You can also tweak (YPAO) manually afterwards, if you feel necessary.

cheers


----------



## NBPk402 (Feb 21, 2012)

Blutarsky said:


> Our new home will have a great room with a high pitched ceiling. The pitch will run fore and aft with no place to use side wall surrounds, the room will be 30 feet long. and the seating will be under one side of the pitched ceiling. I am afraid if I use ceiling speakers, one of them will aim away from the listeners.
> I have decided to use a 5.1 system with bipole speakers on the rear wall.
> Will Auto room correction work in this situation? I currently have YPAO and might change to Audyssey.
> 
> Thanks


If you are thinking of switching to Audyssey...might I suggest you try Dirac? If you get Dirac as an extra box you will not have to recalibrate if you switch equipment down the road, plus it is much more flexible than Audyssey. :T:T


----------



## Lumen (May 17, 2014)

^ +1
Many others who have compared the two favor Dirac by far. You might want to check out the last couple of posts in this thread for more detail.


----------



## lcaillo (May 2, 2006)

What is the point of dipoles on the rear wall. If they are on the wall they can't be truly acting as dipoles and rear wave loading might be an issue. Not trying to be critical, but I just have never understood the practice of using them this way. With a room that big I would be looking at geting a dipole effect from the rear by getting them away from the rear wall.


----------



## ajinfla (May 10, 2009)

lcaillo said:


> What is the point of dipoles on the rear wall. If they are on the wall they can't be truly acting as dipoles and rear wave loading might be an issue. Not trying to be critical, but I just have never understood the practice of using them this way. With a room that big I would be looking at geting a dipole effect from the rear by getting them away from the rear wall.
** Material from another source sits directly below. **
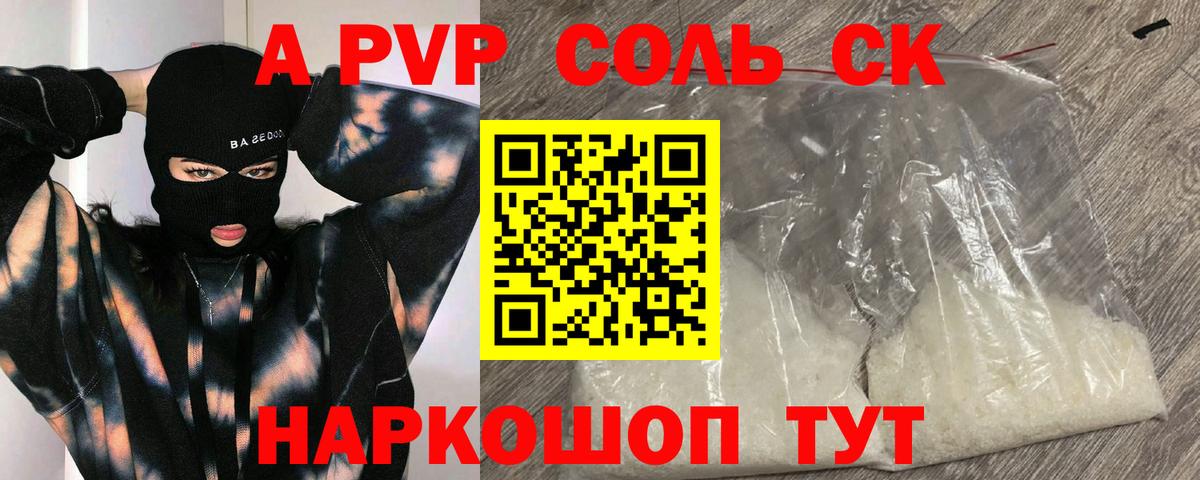 где найти наркотики  Alfa_PVP СК КРИС  Вход с VPN  А ПВП мука  Северск 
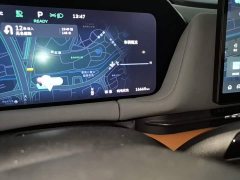 Haval Xiaolong MAX Hi4 165 Ultra Intelligent Driving Edition - ფოტო 17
Well, Leonard, he did say "bipoles" , but the idea is the same. More reflections to create a bit more diffuse, less localizable sound.
Btw, many so called "dipole" surrounds are only dipolar at HF, i.e, only the tweeters are out of phase.

cheers


----------



## Blutarsky (Oct 9, 2015)

Thanks for your input. I have looked at Dirac and wonder if it would be too complicated for me. I would love to use it but hate to spend the bucks for something that would make things sound worse if not used properly.

Emotivas new Emersa 7.1 preamp might be good for me. I await further info.

Old analog dude.


----------



## ajinfla (May 10, 2009)

Give YPAO a whirl with your new set up and _then_ decide if you want to spend more $$.
My 2c

cheers


----------